An ETL pipeline to analyze the listening behavior of Sparkify's users, built for Udactiy's Data Engineering Nanodegree.
This ETL pipeline combines two data sets: 1) a subset of the Million Song Dataset and 2) simulated user logs from a music streaming service. Both datasets are stored on S3 as JSON files. The data is read from there onto staging tables within Redshift and from there inserted into a set of final tables. These tables use a star schema for the benefit of simplifying the queries needed. The fact table is songplays
and the following are the dimension tables: time
, users
, songs
, and artists
.
- create_tables.py : Python script to drop and create the tables anew.

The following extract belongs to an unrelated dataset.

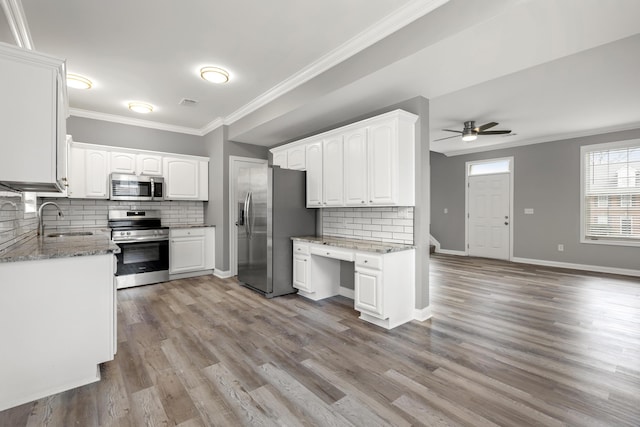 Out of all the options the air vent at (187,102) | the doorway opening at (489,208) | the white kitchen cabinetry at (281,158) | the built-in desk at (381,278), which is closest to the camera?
the built-in desk at (381,278)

- etl.py : Python script to create the full pipeline.
- README.md: This file/
- sql_queries.py: Python script containing a list of queries to create, drop, and query the database.
- dwh.cfg : Config file for Redshift data warehouse.
- Edit dwh.cfg appropriately for your cluster.
- Run
create_tables.py
to create the needed tables for import. - Run
etl.py
to import the data from S3 JSON files. - Query as needed.
For testing purposes, a dc2.large cluster with 2 nodes was created on US-West-2. An IAM role with AmazonS3ReadOnlyAccess was used, and default settings were used for everything except for making the cluster publically accessible.
Please find some sample queries below along with their output.
SELECT COUNT(DISTINCT sp.songplay_id) AS "Total Plays", s.title FROM songplays AS sp JOIN songs AS s ON sp.song_id = s.song_id GROUP BY s.title ORDER BY "Total Plays" DESC LIMIT 5;
totalplays | title |
---|---|
37 | You're The One |
9 | Catch You Baby (Steve Pitron & Max Sanna Radio Edit) |
9 | I CAN'T GET STARTED |
8 | Nothin' On You [feat. Bruno Mars] (Album Version) |
6 | Hey Daddy (Daddy's Home) |
SELECT COUNT(user_id) AS "Total", gender FROM users GROUP BY gender ORDER BY "Total" DESC;
total | gender |
---|---|
60 | F |
45 | M |